What It's Like to Be a 'High-Functioning' Borderline
When you meet me, you would never know I have a mental health condition. The first inkling might be the numerous self-harm scars on my right arm, but even then they’re faded and old — they could be from years ago. There’s nothing to say I’m suffering now.
And yet, here I am.
I am cheery, I am engaged and I am sociable. I can be perfectly pleasant, and the happy façade is up at all times. I don’t let people see what’s going on in my head. I don’t let anyone but my nearest and dearest see the turmoil going on underneath.
The truth is I am a ship captain navigating the stormiest of seas. It goes up and down, on and on forever. There’s no end in sight, I’m stuck on this boat for the rest of my life it seems. Sometimes things are OK and I feel like it’s smooth sailing, we’ve got flat calm water and then suddenly one thing happens and it’s like I’m trying to stay afloat while dealing with hundred foot waves.

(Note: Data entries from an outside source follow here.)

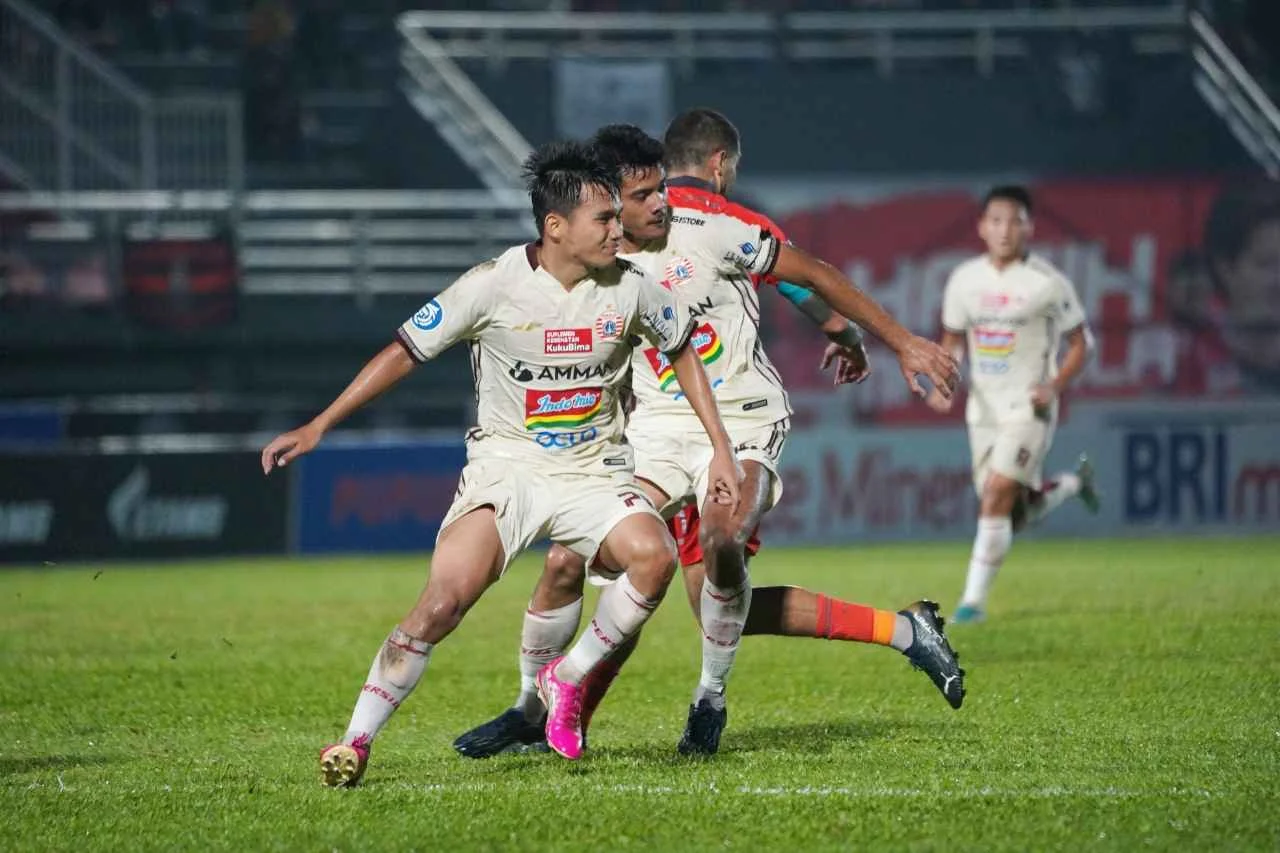 Borneo FC Pecahkan Rekor, Raih Gelar Juara Perdana Liga 1 2025/2026; Persib dan Persija Terjepit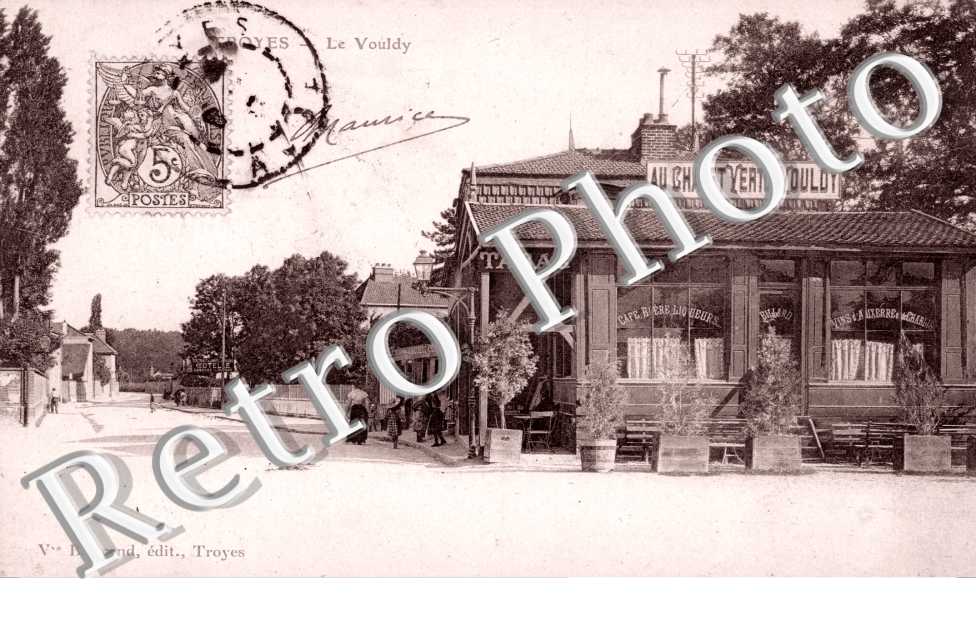 Le Vouldy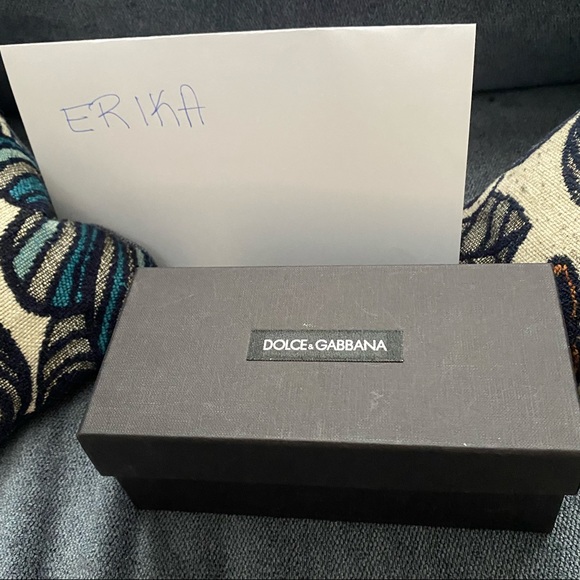 SOLD Dolce & Gabbana Sunglasses - Picture 2 of 6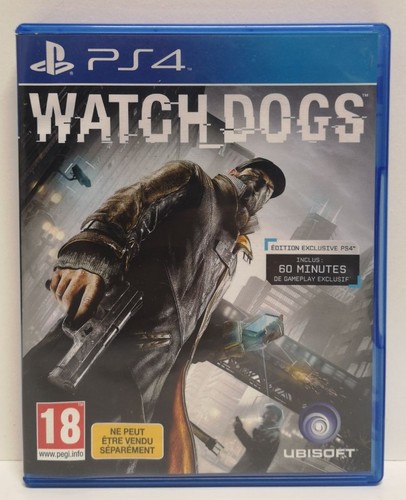 Watch dogs bundle - watch,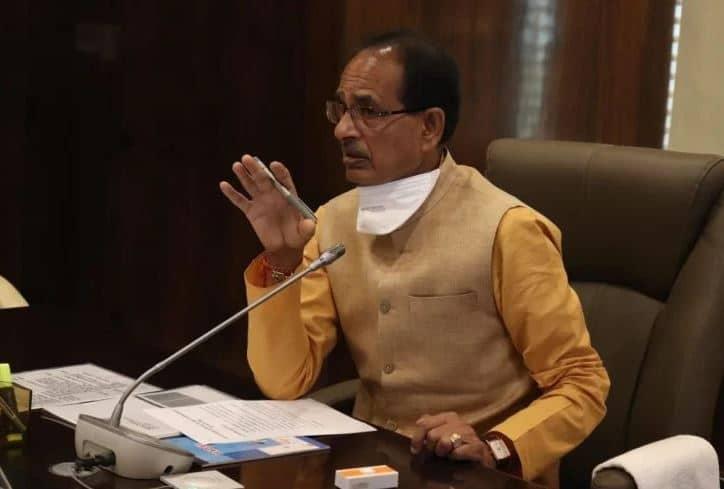इस बात से CM शिवराज सिंह चौहान हुए नाराज, IG को दिए यह सख्त निर्देश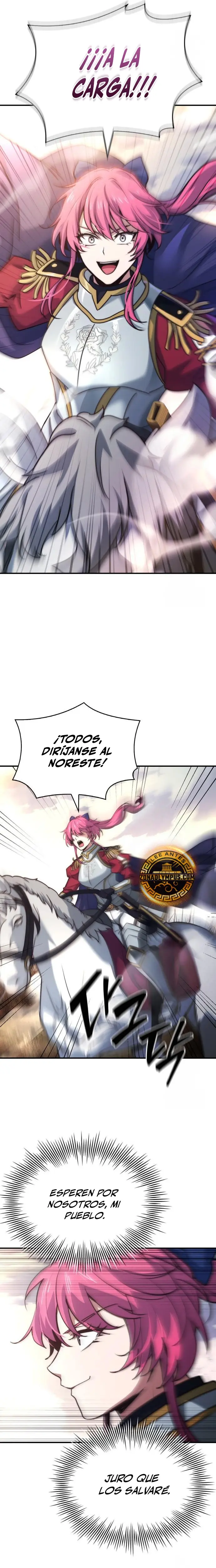 El príncipe heredero que vende medicina Capitulo 68 página 28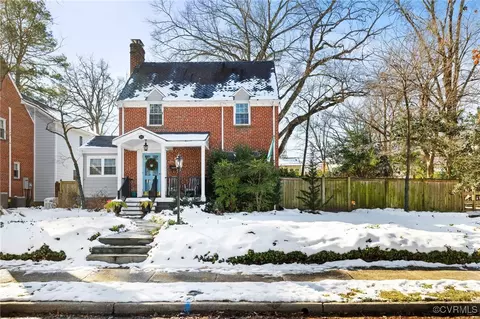 5106 Sylvan Rd, Richmond, VA 23225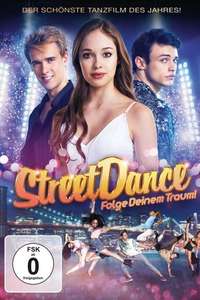 High Strung Free Dance - Poster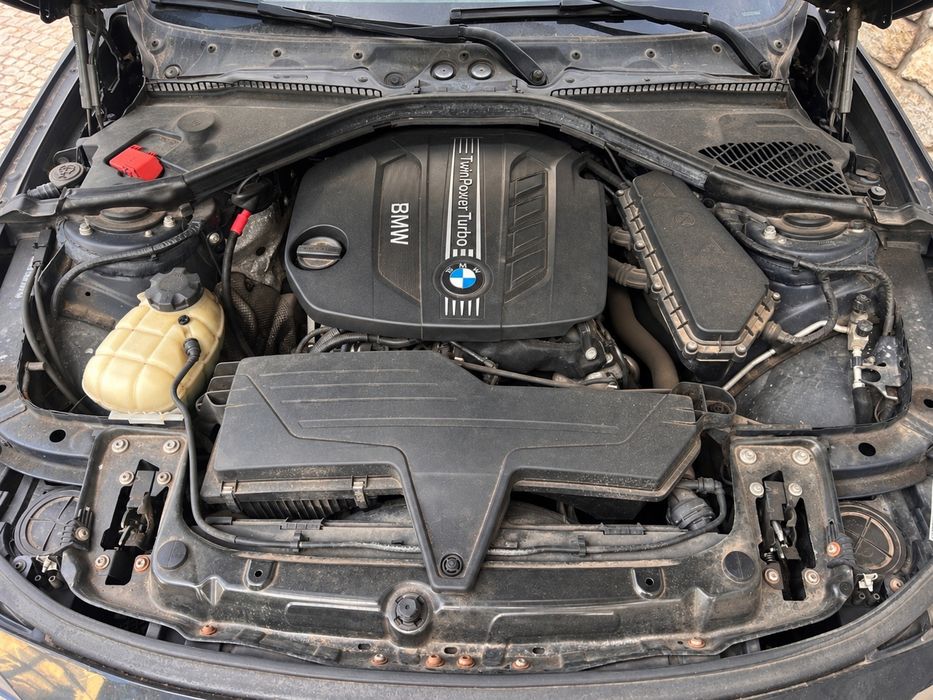 Bmw Serie 3 F30 320d Peças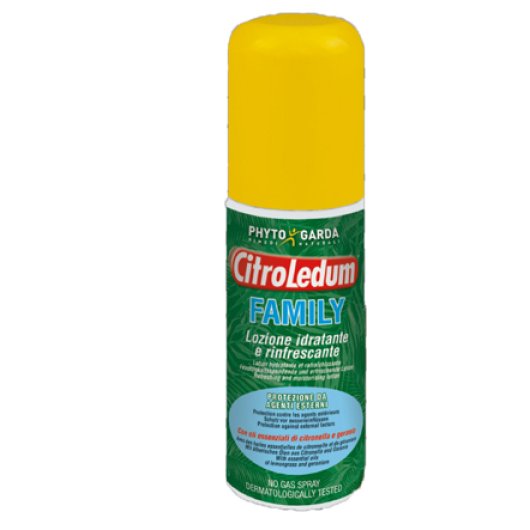 CITROLEDUM FAMILY SPRAY 75ML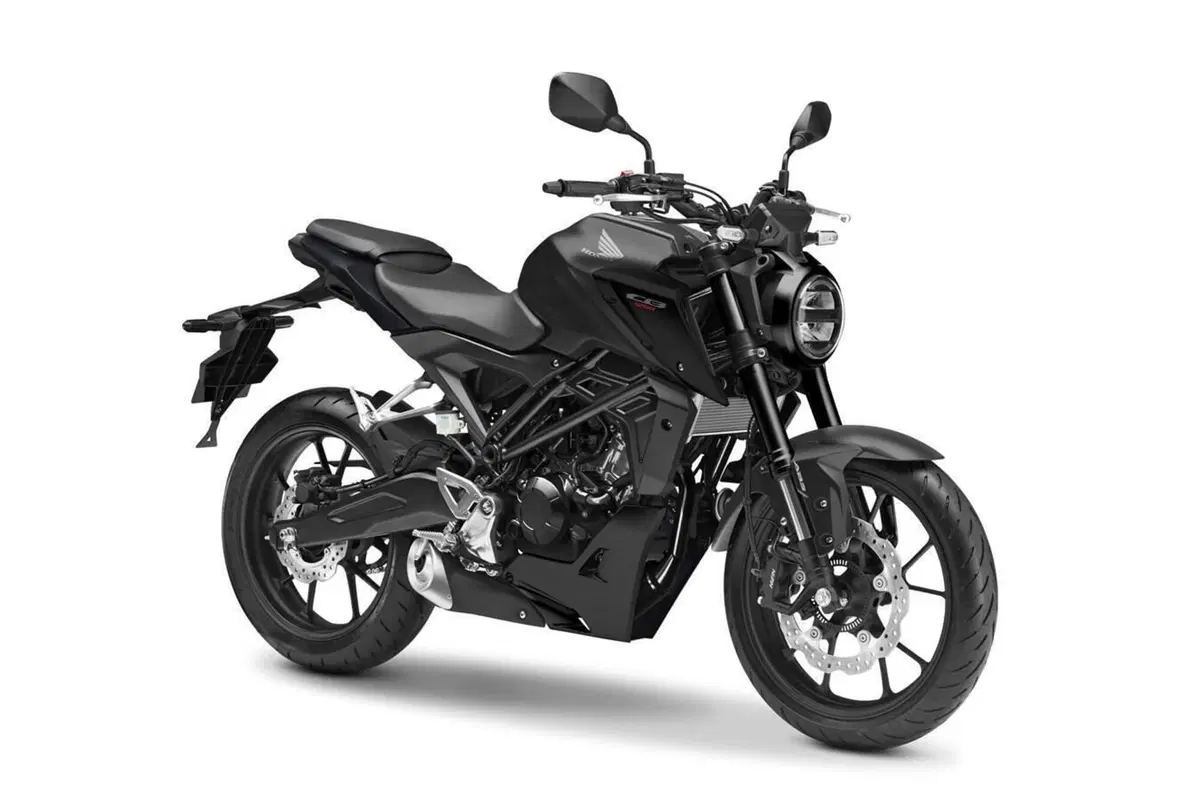 Honda CB 125 R (2024 - 26)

Someone gets confrontational with me and at first I’m angry, I’m absolutely furious and then I get depressed. I start to reflect and I think “Well, they’re probably right and I’m a horrible person — in fact I am the worst of people. They had to have a reason for what they said right? I want to self-harm. I want to kill myself.”
I bounce between the fury and the misery constantly for several hours. I cry. I debate over and over again on how to deal with the situation. “What should I say?” I feel sick, physically like I’m going to vomit. The anxiety builds over seeing this person again and I feel like I can’t cope with any of it, with life or with any people.
The worst part of it all is I don’t know what I need from people. I know I am meant to talk about this now, instead of doing the other stuff, instead of doing the self-harm and the rest of it. But what do I say? I don’t know how to get the words out, and I don’t know what I need in return. I don’t know what I want anyone to say or do. I don’t know what is going to make any of this any better.
So I go to sleep, I try to move on. I wake up the next day and I put the face back on, the wall goes up again and here I am. Happy, bubbly, I’ll laugh. I am an absolute wreck of a human being, but it’s all bubbling under the surface. You’ll never see it because I have a smile on my face and a happy disposition.
I’ll be whoever I need to be to get me through the day.
All it takes is one comment, and the smile freezes on my face. Inside the panic has already started, my heart is beginning to race, and the cycle begins all over again.